Court Opinion

ID: 9473034
Source: CourtListenerOpinion
Date Created: 2023-08-05 04:17:32.625301+00
Date Added: 2024-06-11T17:43:16.945457
License: Public Domain

BEEZER, Circuit Judge,
dissenting in part:
I concur in the court’s opinion with respect to reducing the rent deduction taken by the taxpayers in an amount equal to gardening expenses and twenty-five percent of property taxes. These expenses are usually and customarily paid by landlords from the proceeds of rental income.
However, when the Tax Court reduced the rental deduction of Peck by twenty-five percent of the mortgage payments made by the taxpayers, it assumed that it was Leasing’s legal obligation to make those payments. There is no evidence in the record from which I can find that Leasing is under any obligation to assume or pay any portion of the mortgage.

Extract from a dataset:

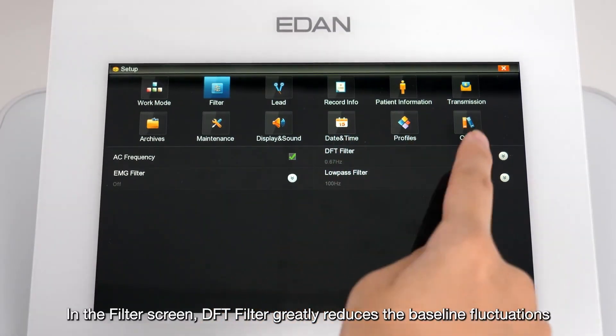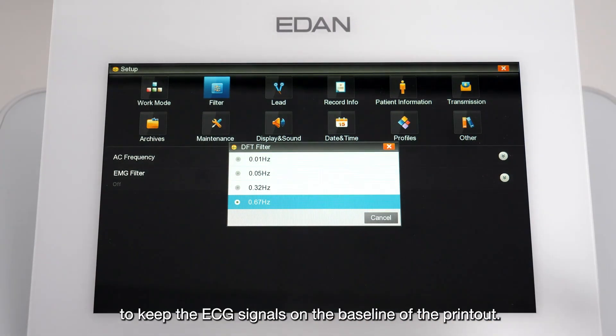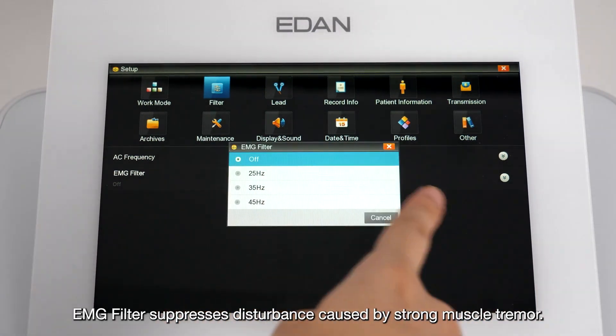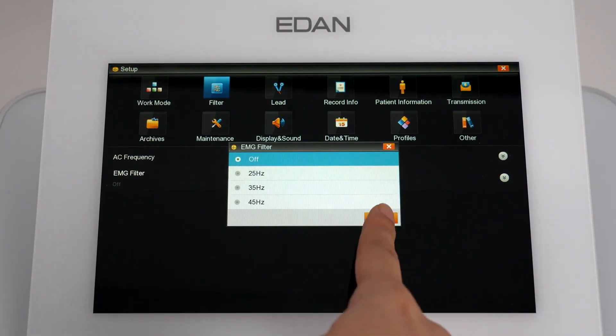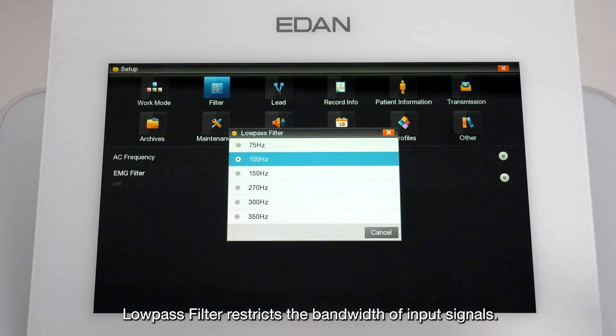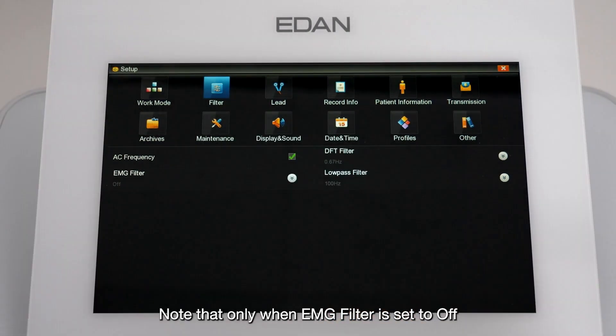In the Filter screen, the DFT filter greatly reduces baseline fluctuations to keep ECG signals on the baseline of the printout. The EMG filter suppresses disturbance caused by strong muscle tremor. The Low-pass filter restricts the bandwidth of input signals. Note that the low-pass filter setting is only effective when the EMG filter is set to off.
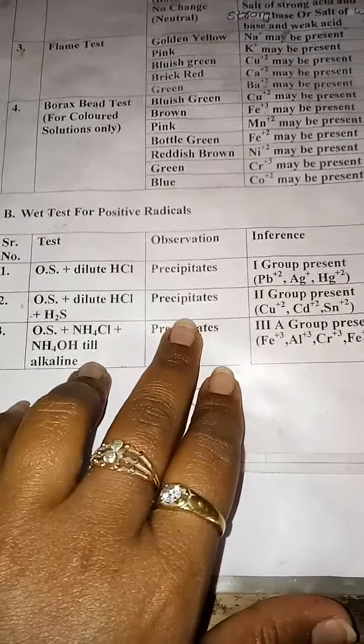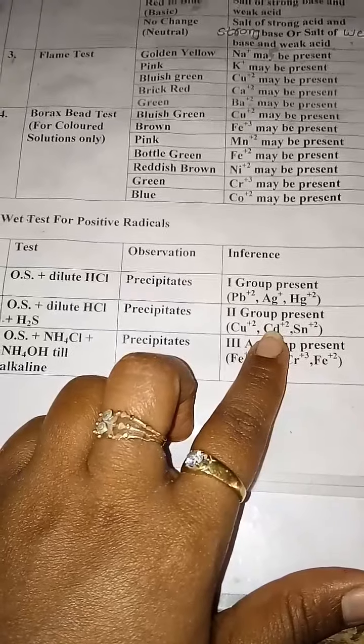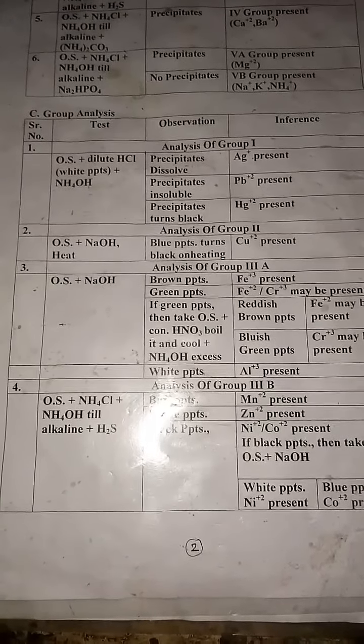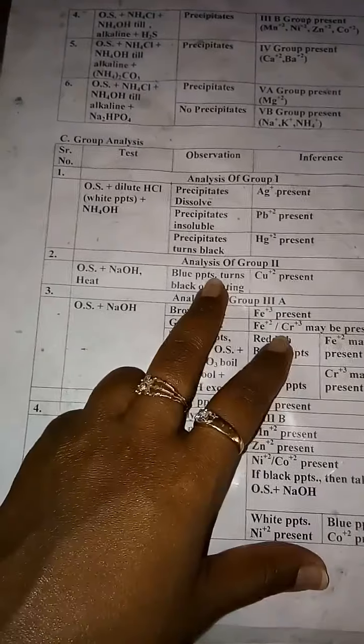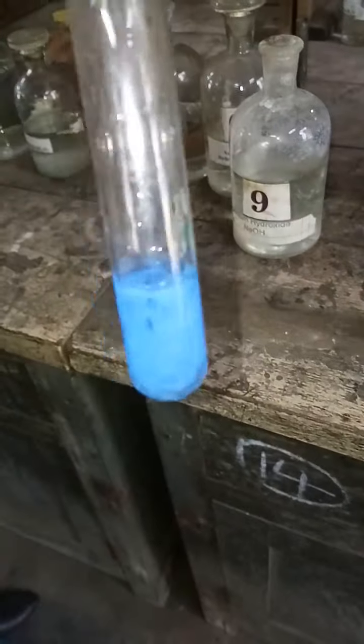Next we have Part B, the wet test for the positive radical. The first test is OS plus dilute HCl. I will take a small amount of OS in a test tube and add dilute HCl solution. You observe that you have a clear solution — it means no precipitates. So the observation is no precipitates, and the inference is that Group 1 is absent; Pb²⁺, Ag⁺, and Hg²⁺ are also absent.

The Tax Court, in effect, has rewritten the agreement between Leasing and Peck to require Leasing to bear the burden of twenty-five percent of the mortgage payments on real property which it purchased for full and fair consideration. Concomitantly, the Tax Court has reduced the value of the Leasing common capital stock purchased by Peck in an amount equal to the shifted mortgage installments. This allocation between the taxpayers and their related corporation is totally unnecessary to place controlled taxpayers in the same position as uncontrolled taxpayers dealing at arms-length. To the extent that the Tax Court shifted the consequences of mortgage payments in the guise of an adjustment to fair market rental, I respectfully dissent.